* _What you will do_:
Copy each line of the following material exactly.

================================

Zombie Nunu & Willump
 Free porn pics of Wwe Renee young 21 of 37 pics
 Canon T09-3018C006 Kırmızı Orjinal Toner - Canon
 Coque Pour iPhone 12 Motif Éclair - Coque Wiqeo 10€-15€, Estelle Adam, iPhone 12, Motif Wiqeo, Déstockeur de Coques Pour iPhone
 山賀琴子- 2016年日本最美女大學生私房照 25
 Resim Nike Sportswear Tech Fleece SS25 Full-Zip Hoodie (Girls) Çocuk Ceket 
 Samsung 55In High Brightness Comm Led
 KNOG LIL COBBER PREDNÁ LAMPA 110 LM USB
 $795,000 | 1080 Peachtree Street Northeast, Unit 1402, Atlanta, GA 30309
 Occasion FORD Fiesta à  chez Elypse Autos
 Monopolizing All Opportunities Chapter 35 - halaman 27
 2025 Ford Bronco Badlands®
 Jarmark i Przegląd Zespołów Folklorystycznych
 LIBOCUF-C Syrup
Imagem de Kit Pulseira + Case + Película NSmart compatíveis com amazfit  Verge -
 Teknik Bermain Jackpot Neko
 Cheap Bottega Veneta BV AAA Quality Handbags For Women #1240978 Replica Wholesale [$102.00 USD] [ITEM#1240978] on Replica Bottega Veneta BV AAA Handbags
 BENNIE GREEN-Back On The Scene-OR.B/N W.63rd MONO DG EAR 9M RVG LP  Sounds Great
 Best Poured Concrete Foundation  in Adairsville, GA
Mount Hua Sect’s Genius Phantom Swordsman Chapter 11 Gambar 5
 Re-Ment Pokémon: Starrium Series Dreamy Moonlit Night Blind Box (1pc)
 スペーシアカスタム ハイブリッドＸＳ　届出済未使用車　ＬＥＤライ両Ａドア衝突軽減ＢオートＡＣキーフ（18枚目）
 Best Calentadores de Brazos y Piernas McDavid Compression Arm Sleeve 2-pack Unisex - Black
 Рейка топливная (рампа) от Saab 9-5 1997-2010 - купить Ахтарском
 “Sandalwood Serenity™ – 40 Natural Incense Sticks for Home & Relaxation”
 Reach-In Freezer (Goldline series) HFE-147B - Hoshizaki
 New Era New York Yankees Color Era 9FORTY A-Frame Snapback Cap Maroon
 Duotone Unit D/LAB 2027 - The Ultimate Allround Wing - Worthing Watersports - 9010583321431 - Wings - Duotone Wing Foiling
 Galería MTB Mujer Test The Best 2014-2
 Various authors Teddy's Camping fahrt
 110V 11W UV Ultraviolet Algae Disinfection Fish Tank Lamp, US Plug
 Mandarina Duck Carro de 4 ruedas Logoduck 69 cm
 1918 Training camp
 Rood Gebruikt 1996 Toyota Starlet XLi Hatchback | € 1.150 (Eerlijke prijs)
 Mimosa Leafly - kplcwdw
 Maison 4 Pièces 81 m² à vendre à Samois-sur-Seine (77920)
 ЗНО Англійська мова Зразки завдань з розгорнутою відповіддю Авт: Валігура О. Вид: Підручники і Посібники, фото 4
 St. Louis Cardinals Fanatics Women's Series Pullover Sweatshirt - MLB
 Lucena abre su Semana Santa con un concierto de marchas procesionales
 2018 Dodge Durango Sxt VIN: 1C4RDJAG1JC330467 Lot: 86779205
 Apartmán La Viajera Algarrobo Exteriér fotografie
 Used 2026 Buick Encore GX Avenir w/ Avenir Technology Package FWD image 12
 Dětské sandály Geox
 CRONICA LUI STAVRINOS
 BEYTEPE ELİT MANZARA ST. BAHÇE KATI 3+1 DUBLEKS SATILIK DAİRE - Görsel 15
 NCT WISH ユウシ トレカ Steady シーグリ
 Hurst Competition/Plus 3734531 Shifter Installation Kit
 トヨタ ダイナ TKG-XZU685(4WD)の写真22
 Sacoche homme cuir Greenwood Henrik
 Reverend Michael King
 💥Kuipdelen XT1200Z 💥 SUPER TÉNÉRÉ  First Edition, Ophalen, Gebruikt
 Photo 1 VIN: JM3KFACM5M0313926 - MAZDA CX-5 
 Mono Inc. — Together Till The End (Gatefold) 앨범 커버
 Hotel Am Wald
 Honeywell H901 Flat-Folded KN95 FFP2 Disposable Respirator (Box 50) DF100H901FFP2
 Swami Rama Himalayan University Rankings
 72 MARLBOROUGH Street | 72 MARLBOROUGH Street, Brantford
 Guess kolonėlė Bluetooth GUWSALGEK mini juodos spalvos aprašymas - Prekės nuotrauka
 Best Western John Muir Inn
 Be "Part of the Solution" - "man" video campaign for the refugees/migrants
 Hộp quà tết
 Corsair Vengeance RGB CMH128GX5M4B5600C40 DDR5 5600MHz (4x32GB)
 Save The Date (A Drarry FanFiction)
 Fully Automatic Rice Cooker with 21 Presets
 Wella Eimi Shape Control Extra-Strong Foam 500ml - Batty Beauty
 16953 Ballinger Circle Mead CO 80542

================================

* _Result of the exercise_:
Zombie Nunu & Willump
 Free porn pics of Wwe Renee young 21 of 37 pics
 Canon T09-3018C006 Kırmızı Orjinal Toner - Canon
 Coque Pour iPhone 12 Motif Éclair - Coque Wiqeo 10€-15€, Estelle Adam, iPhone 12, Motif Wiqeo, Déstockeur de Coques Pour iPhone
 山賀琴子- 2016年日本最美女大學生私房照 25
 Resim Nike Sportswear Tech Fleece SS25 Full-Zip Hoodie (Girls) Çocuk Ceket 
 Samsung 55In High Brightness Comm Led
 KNOG LIL COBBER PREDNÁ LAMPA 110 LM USB
 $795,000 | 1080 Peachtree Street Northeast, Unit 1402, Atlanta, GA 30309
 Occasion FORD Fiesta à  chez Elypse Autos
 Monopolizing All Opportunities Chapter 35 - halaman 27
 2025 Ford Bronco Badlands®
 Jarmark i Przegląd Zespołów Folklorystycznych
 LIBOCUF-C Syrup
Imagem de Kit Pulseira + Case + Película NSmart compatíveis com amazfit  Verge -
 Teknik Bermain Jackpot Neko
 Cheap Bottega Veneta BV AAA Quality Handbags For Women #1240978 Replica Wholesale [$102.00 USD] [ITEM#1240978] on Replica Bottega Veneta BV AAA Handbags
 BENNIE GREEN-Back On The Scene-OR.B/N W.63rd MONO DG EAR 9M RVG LP  Sounds Great
 Best Poured Concrete Foundation  in Adairsville, GA
Mount Hua Sect’s Genius Phantom Swordsman Chapter 11 Gambar 5
 Re-Ment Pokémon: Starrium Series Dreamy Moonlit Night Blind Box (1pc)
 スペーシアカスタム ハイブリッドＸＳ　届出済未使用車　ＬＥＤライ両Ａドア衝突軽減ＢオートＡＣキーフ（18枚目）
 Best Calentadores de Brazos y Piernas McDavid Compression Arm Sleeve 2-pack Unisex - Black
 Рейка топливная (рампа) от Saab 9-5 1997-2010 - купить Ахтарском
 “Sandalwood Serenity™ – 40 Natural Incense Sticks for Home & Relaxation”
 Reach-In Freezer (Goldline series) HFE-147B - Hoshizaki
 New Era New York Yankees Color Era 9FORTY A-Frame Snapback Cap Maroon
 Duotone Unit D/LAB 2027 - The Ultimate Allround Wing - Worthing Watersports - 9010583321431 - Wings - Duotone Wing Foiling
 Galería MTB Mujer Test The Best 2014-2
 Various authors Teddy's Camping fahrt
 110V 11W UV Ultraviolet Algae Disinfection Fish Tank Lamp, US Plug
 Mandarina Duck Carro de 4 ruedas Logoduck 69 cm
 1918 Training camp
 Rood Gebruikt 1996 Toyota Starlet XLi Hatchback | € 1.150 (Eerlijke prijs)
 Mimosa Leafly - kplcwdw
 Maison 4 Pièces 81 m² à vendre à Samois-sur-Seine (77920)
 ЗНО Англійська мова Зразки завдань з розгорнутою відповіддю Авт: Валігура О. Вид: Підручники і Посібники, фото 4
 St. Louis Cardinals Fanatics Women's Series Pullover Sweatshirt - MLB
 Lucena abre su Semana Santa con un concierto de marchas procesionales
 2018 Dodge Durango Sxt VIN: 1C4RDJAG1JC330467 Lot: 86779205
 Apartmán La Viajera Algarrobo Exteriér fotografie
 Used 2026 Buick Encore GX Avenir w/ Avenir Technology Package FWD image 12
 Dětské sandály Geox
 CRONICA LUI STAVRINOS
 BEYTEPE ELİT MANZARA ST. BAHÇE KATI 3+1 DUBLEKS SATILIK DAİRE - Görsel 15
 NCT WISH ユウシ トレカ Steady シーグリ
 Hurst Competition/Plus 3734531 Shifter Installation Kit
 トヨタ ダイナ TKG-XZU685(4WD)の写真22
 Sacoche homme cuir Greenwood Henrik
 Reverend Michael King
 💥Kuipdelen XT1200Z 💥 SUPER TÉNÉRÉ  First Edition, Ophalen, Gebruikt
 Photo 1 VIN: JM3KFACM5M0313926 - MAZDA CX-5 
 Mono Inc. — Together Till The End (Gatefold) 앨범 커버
 Hotel Am Wald
 Honeywell H901 Flat-Folded KN95 FFP2 Disposable Respirator (Box 50) DF100H901FFP2
 Swami Rama Himalayan University Rankings
 72 MARLBOROUGH Street | 72 MARLBOROUGH Street, Brantford
 Guess kolonėlė Bluetooth GUWSALGEK mini juodos spalvos aprašymas - Prekės nuotrauka
 Best Western John Muir Inn
 Be "Part of the Solution" - "man" video campaign for the refugees/migrants
 Hộp quà tết
 Corsair Vengeance RGB CMH128GX5M4B5600C40 DDR5 5600MHz (4x32GB)
 Save The Date (A Drarry FanFiction)
 Fully Automatic Rice Cooker with 21 Presets
 Wella Eimi Shape Control Extra-Strong Foam 500ml - Batty Beauty
 16953 Ballinger Circle Mead CO 80542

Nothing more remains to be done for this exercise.